Aristotle noted the frequent recollection of what is frequently thought about, apparently setting the pace for the stress on repetition. He said, "it is a fact that there are some movements, by a single experience of which, persons take the impress of custom more deeply than they do by experiencing others many times; hence upon seeing some things but once, we remember them better than others which we may have seen frequently."
And what do the sleep-learning people claim? They
find that, once the barriers are overcome, it takes but a few short hours to memorize a play, a whole book of notes or a foreign language. They also find that repetition is useful. So learning in one's sleep carries with it the same contradictory qualities as conscious learning. Some things require frequent repetition and some are remembered almost immediately. Fewer repetitions are necessary during the Transitional Sleep Period than during the Reverie Period. Sleep-learners can no more explain these phenomena than could psychologists since the days of Aristotle. They can only verify the findings.
Thus we find consistency—even if it is in contradiction.
The early thinkers who stressed the importance of perception through the senses were undoubtedly speaking of perception during working hours. Here, too, sleep-learning has a common point since it is through the sense of hearing that the subject learns during sleep.
The physiological methods and careful measurement of results, can be considered one of the forerunners of sleep-teachers. While the final answer has not been found, and the successful results can be explained only partly by science, it must be acknowledged that the sleep-learning investigators are attempting to interpret and apply the evidence they have gathered in the light of present scientific knowledge and discoveries.
The theories of association-learning do not appear to be applicable to
sleep-learning.
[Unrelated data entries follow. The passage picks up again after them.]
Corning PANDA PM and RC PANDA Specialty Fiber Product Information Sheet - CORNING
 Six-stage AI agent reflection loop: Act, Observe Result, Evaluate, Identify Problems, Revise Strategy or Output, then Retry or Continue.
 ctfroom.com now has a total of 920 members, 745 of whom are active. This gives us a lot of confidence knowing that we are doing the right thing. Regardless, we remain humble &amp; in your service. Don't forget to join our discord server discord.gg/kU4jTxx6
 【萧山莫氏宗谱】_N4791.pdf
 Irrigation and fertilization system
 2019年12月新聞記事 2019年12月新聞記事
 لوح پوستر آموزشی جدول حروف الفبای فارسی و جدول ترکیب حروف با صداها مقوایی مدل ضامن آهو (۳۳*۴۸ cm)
The advantage of understanding the material and thinking about
it intelligently during waking hours is stressed, but no importance is given to
the connections between ideas and facts. On the other hand, the ideas of reflex
and succession, of "stamping in," of the importance of motivation, of the
conditioned response, of the positive effects of reward (real and anticipatory)
and of recognition of individual differences all crop up in sleep-learning
literature.
Related terms include sleeping girls and problems sleeping.